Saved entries
◆ ◆ ◆ ◆

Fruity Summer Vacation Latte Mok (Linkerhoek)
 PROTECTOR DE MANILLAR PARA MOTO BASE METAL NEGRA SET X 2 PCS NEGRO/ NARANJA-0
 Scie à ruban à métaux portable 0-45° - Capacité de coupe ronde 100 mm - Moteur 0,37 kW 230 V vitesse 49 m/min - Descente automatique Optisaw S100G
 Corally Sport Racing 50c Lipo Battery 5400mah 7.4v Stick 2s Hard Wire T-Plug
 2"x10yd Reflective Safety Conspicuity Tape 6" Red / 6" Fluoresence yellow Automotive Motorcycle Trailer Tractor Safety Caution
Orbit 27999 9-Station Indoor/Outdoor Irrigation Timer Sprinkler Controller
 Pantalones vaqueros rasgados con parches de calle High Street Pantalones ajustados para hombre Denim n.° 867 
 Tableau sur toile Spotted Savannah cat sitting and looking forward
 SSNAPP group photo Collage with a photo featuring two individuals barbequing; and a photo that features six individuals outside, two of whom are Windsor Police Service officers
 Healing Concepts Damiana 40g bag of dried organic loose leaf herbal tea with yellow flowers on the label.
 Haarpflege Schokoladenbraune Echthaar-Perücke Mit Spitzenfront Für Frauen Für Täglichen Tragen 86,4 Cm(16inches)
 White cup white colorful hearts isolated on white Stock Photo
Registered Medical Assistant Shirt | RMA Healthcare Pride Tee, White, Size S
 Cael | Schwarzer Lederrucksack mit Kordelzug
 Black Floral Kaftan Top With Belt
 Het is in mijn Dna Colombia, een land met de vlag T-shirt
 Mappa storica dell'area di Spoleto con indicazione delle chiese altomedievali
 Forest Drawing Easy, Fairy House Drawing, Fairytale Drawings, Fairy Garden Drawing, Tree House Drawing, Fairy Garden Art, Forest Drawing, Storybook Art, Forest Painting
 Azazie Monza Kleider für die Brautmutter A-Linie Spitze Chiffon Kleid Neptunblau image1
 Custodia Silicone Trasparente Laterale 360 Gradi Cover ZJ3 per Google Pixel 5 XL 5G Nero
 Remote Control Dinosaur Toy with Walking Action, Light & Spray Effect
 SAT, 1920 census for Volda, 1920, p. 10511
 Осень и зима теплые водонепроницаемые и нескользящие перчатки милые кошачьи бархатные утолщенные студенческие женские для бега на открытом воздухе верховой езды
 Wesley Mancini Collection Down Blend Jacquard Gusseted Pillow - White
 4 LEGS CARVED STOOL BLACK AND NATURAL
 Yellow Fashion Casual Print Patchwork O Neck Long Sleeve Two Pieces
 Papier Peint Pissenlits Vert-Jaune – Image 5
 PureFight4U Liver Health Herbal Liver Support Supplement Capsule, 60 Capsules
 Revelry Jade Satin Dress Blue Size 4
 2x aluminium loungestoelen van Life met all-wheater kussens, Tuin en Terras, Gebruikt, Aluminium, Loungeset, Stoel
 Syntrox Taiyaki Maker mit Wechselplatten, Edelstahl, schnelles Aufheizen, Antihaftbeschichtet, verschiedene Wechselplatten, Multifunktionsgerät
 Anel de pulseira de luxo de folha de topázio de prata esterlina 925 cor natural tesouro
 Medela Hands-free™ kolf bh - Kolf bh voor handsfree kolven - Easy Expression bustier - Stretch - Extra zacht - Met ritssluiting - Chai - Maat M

◆ ◆ ◆ ◆

Check every line above for the string "Easy" and copy those that have it.

 Forest Drawing Easy, Fairy House Drawing, Fairytale Drawings, Fairy Garden Drawing, Tree House Drawing, Fairy Garden Art, Forest Drawing, Storybook Art, Forest Painting
 Medela Hands-free™ kolf bh - Kolf bh voor handsfree kolven - Easy Expression bustier - Stretch - Extra zacht - Met ritssluiting - Chai - Maat M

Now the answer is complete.